論 考

不気味な官僚主義に負けない光

筆者 奥井禮喜(おくい・れいき)

 袴田巌さんについて、検察が控訴しないと発表したので、無罪が確定した。よかった! のではあるが、わたしは、割り切れなさとおぞましさで腹が立つ。

 畝本検事総長の発言要旨は、――捜査当局が証拠を捏造したと認めた再審判決について、(その)証拠や根拠が示されていなので不満である。控訴すべきだが、(袴田さんが)長期間にわたる法的地位が不安定な状況に置かれていたことにも思いを致した。その状況が継続することは相当でない――から控訴しないのだという。これでは、まるでお情けみたいじゃないか!

 58年間にわたって自由を奪っていた人に対して、言葉にまったく血が通っていない。まさに、検察マシン、検察ロボットではなかろうか。

 当局が、証拠を捏造したという証拠や根拠を出せというが、弁護側はすでに証拠を提出しているから再審が可能になった。捏造した証拠が覆されたのに、さらに証拠を出せというのでは終わりがない。

 朝日社説(10/9)は「袴田さんの無罪判決 この不条理から何を学ぶか」とご立派な見出しを掲げたが、学ぶ気なんかありませんよ。学ぶ気がない連中、それも尋常ではない優秀な頭脳の方々を前提して、こんな大所高所論が通用するのであれば世話はない。

 厳しくいえば、徹底した官僚システムの警察・検察においては、「反省」がない。官僚組織において、反省する機能=フィードバックがなければ暴走するだけじゃないか。それが検事総長の発言に示された。

 カフカの『城』を読んだのがいつだったか忘れたが、あの不気味で、読んでいてじりじりする焦燥感、どこにもぶつけようのない腹立たしさに似ている。袴田さんは作中人物ではない。生きた人間である。

 官僚主義が組織を支配するだけでなく、それが社会を支配することになったら暗黒だ。無力の「私」なんか、組織に関わらないようにするしか活路はない。

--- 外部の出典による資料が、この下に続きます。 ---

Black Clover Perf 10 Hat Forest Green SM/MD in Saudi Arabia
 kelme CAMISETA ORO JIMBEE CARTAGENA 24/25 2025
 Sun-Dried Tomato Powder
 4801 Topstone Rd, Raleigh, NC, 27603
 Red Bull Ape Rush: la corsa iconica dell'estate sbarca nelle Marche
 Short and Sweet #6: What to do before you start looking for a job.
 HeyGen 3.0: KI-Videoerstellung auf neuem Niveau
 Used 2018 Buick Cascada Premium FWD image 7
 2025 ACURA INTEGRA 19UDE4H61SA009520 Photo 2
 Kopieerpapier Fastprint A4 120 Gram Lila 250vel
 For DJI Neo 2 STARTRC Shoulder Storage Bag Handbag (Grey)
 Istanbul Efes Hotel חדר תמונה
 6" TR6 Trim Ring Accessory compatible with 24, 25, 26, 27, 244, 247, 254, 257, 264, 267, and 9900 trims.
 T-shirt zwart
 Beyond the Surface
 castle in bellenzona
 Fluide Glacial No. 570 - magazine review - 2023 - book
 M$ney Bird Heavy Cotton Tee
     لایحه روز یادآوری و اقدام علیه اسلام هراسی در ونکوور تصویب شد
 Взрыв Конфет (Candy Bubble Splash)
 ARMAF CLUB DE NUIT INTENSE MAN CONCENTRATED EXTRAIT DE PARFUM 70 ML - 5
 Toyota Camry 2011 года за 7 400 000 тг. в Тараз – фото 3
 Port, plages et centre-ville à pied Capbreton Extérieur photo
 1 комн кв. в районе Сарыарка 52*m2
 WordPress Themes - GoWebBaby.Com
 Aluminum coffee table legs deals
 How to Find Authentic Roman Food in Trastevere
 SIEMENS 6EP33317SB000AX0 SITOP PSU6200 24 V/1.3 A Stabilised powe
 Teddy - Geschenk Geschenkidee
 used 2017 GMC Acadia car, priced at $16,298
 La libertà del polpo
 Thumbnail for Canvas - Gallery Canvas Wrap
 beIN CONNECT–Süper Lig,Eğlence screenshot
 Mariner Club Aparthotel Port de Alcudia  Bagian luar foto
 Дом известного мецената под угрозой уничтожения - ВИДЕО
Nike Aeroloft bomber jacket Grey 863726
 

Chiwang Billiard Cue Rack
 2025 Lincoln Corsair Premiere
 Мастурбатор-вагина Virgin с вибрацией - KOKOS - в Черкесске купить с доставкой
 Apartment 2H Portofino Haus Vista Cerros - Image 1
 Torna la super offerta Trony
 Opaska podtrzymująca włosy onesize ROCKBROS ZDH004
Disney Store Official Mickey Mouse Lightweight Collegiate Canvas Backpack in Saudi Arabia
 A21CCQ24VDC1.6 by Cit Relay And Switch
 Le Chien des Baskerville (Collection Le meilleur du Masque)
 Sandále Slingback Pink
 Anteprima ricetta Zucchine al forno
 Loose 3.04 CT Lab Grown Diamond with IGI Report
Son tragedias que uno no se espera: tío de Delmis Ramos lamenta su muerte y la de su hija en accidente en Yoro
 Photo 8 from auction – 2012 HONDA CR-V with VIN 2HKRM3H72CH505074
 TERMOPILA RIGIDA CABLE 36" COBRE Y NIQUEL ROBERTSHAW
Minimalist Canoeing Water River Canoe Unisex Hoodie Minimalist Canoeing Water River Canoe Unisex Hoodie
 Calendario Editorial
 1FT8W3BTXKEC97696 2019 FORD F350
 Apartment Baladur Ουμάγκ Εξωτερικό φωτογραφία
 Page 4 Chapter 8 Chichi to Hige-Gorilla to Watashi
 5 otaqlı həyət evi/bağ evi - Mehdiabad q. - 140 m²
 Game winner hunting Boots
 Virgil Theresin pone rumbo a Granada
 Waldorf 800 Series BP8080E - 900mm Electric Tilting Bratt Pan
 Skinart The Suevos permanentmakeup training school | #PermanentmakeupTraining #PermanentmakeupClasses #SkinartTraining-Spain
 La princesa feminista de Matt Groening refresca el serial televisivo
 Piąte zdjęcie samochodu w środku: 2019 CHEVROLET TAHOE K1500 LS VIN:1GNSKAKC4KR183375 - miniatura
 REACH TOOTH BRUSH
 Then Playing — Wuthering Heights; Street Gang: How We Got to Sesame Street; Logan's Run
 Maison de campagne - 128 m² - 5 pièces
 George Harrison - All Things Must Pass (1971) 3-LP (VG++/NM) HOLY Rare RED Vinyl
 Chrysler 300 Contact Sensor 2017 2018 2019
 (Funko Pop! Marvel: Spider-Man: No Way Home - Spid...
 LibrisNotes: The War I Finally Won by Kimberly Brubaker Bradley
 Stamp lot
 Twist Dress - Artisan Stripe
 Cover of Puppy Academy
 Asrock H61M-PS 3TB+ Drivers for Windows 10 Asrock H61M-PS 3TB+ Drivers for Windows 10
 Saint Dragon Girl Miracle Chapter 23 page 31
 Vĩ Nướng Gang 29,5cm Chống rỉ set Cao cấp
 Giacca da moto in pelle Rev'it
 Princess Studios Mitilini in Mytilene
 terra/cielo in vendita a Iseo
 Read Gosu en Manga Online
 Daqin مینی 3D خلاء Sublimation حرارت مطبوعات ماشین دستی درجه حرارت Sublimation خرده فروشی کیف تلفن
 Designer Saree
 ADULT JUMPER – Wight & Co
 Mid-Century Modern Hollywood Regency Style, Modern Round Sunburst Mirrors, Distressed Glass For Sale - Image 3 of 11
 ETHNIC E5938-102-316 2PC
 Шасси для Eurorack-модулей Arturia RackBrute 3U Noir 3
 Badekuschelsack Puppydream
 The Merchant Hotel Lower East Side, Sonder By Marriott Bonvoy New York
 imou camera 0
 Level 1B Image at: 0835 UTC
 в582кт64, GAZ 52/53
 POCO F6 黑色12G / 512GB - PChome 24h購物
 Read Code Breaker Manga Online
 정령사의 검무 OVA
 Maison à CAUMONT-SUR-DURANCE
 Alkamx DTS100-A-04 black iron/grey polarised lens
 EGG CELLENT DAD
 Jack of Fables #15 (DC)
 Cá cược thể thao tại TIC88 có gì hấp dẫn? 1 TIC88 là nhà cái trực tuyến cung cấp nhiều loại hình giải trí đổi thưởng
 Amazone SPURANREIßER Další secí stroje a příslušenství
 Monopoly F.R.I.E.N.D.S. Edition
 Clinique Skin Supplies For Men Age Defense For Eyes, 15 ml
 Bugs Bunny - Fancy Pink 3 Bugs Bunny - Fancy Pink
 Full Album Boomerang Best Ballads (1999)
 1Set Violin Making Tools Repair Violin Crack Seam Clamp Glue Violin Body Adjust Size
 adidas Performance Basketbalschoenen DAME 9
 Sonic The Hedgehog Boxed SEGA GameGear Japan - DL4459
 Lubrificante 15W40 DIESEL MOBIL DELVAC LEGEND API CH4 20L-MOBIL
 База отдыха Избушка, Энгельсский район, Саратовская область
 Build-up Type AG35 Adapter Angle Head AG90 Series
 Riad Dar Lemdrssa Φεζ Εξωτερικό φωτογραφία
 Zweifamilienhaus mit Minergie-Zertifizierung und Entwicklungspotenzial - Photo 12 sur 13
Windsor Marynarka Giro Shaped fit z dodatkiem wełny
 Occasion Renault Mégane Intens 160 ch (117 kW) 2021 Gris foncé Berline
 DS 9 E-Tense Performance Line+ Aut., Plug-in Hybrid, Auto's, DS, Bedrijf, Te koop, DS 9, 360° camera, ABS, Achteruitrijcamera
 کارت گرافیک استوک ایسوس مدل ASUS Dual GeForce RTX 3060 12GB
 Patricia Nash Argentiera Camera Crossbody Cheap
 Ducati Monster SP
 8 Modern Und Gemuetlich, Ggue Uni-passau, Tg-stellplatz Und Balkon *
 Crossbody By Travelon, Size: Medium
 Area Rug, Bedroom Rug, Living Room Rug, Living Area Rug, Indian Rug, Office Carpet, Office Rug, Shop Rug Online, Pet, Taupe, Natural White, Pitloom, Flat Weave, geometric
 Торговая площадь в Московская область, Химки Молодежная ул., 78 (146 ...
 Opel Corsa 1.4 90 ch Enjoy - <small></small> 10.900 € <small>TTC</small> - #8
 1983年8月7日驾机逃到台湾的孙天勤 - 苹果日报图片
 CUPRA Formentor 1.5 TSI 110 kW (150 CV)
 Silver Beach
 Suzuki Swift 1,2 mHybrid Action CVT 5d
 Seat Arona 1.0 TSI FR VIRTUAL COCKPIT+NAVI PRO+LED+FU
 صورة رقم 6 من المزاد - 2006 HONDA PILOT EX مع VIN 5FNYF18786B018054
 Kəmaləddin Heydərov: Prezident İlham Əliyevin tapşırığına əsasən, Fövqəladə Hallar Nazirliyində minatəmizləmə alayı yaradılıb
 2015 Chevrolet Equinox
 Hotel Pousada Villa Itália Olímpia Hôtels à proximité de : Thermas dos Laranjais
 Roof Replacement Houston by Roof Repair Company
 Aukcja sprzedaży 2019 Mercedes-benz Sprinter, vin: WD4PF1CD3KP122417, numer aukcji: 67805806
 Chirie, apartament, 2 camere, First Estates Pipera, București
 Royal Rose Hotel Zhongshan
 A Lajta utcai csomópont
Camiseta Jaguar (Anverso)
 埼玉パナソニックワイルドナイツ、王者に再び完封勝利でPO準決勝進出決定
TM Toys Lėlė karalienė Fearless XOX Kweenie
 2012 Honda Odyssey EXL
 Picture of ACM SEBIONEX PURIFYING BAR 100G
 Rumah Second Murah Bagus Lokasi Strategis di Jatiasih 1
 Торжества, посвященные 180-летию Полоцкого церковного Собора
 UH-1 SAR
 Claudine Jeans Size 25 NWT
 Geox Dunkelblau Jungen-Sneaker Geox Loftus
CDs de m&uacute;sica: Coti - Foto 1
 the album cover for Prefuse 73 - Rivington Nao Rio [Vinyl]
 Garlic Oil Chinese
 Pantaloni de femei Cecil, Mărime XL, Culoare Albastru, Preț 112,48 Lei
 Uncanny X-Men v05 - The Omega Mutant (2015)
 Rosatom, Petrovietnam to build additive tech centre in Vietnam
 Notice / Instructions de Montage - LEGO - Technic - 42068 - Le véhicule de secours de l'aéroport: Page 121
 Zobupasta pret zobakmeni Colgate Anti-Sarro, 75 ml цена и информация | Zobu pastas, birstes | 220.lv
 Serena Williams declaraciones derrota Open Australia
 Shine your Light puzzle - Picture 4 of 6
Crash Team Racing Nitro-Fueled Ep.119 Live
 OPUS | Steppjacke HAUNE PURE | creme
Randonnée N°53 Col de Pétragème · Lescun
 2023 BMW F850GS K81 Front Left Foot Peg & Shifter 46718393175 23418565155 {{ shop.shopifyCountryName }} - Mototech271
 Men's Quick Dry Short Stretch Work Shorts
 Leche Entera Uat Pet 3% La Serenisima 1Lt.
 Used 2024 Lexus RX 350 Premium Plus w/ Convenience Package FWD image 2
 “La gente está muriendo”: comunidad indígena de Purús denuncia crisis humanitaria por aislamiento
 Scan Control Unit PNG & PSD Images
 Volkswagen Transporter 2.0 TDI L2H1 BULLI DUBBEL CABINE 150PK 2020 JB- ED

 いや、待てよ。検察・警察だけではない。公務員だけではない。世間の人々が属している組織はいずれも官僚機構である。日本全国隅から隅まで官僚思想・官僚主義が浸透しているのではないか。わたしの感じ方にすぎないが、わたしの人生時間のなかで、時間が後になるほど官僚主義の蔓延を強く感じている。

 ニーチェいわく、「かれらが着ているものは一律に制服と呼ばれている。そのなかに包まれているものまで一律であってはならぬ!」。然り。

 もうひとつ、袴田秀子さんの笑顔を見て、発言を聞くと、すべてを受け止めて恐れない雰囲気を感じる。魯迅は、「絶望に絶望する」といった。希望がはかないものであれば、絶望もまたはかない。それを秀子さんは実践されたとわたしは思う。カミュの描くような世界に負けてはいかん。秀子さんは世間の人々に偉大な光を見せられた。